Wednesday, April 22, 2015

Climate Change: Ahead of the Curve on Gay Marriage


The climate is changing. I’m not talking about the weather – which is a separate issue from climate, anyway. The weather is what you see outside your window on any given day. The climate is why. But I am talking about the climate toward gay marriage. As we await anxiously the Supreme Court’s decision on the issue, due sometime in June (we all hope), the fact is that the American people by a growing majority are finding themselves okay with the idea. The Republicans, not so much. But that’s okay: the “Grand Old Party” believes in being behind the times. Old is part of their nickname. When Marco Rubio stated flatly in his speech announcing his candidacy for the Republican nomination for President, he proudly said he was not interested in going back to yesterday. What he did not say is he wants to go back to the day before yesterday. Now, when several of his opposing nominees and potential nominees were asked if they would attend a gay wedding of a friend or loved one, some said they might; others said they definitely would not; one, Scott Walker, said he did not attend the wedding but he was there for the reception. In the face of climate change, these poor fellows are having trouble deciding where to stand – with the base, or with what’s right. But then, most of them don’t believe in climate change in the first place.

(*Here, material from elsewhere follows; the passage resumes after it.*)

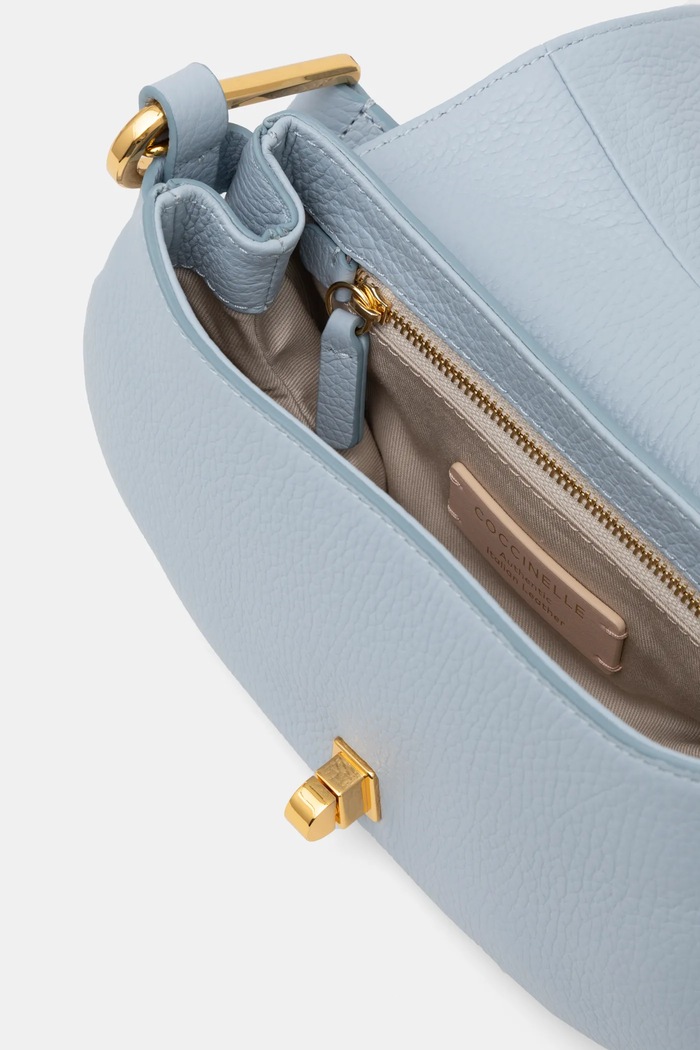 Coccinelle geantă crossbody pentru femei, din piele E1.PQR.58.01.01 albastru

Years ago, when the issue of gay marriage was first becoming part of the national debate, I wrote a letter to the editor of the Monterey Peninsula Herald that posed this crucial question: why should gays be denied the joys of divorce? With so many politicians screaming about the sanctity of marriage, I kept looking at divorce statistics, and had to wonder. I also fail to understand to this day how two people committed to make a relationship work are more harmful to the institution of marriage, because they happen to be of the same gender, than two people who blunder into a marriage casually over cocktails and end up divorcing in eight months, who happen to be “straight.” It seems that the climate agrees with me. But then there are those wonderful base-buying Republican candidates. “I don’t believe in gay marriage, but I’ll see you at the reception, because, you know, those people know how to throw a party.”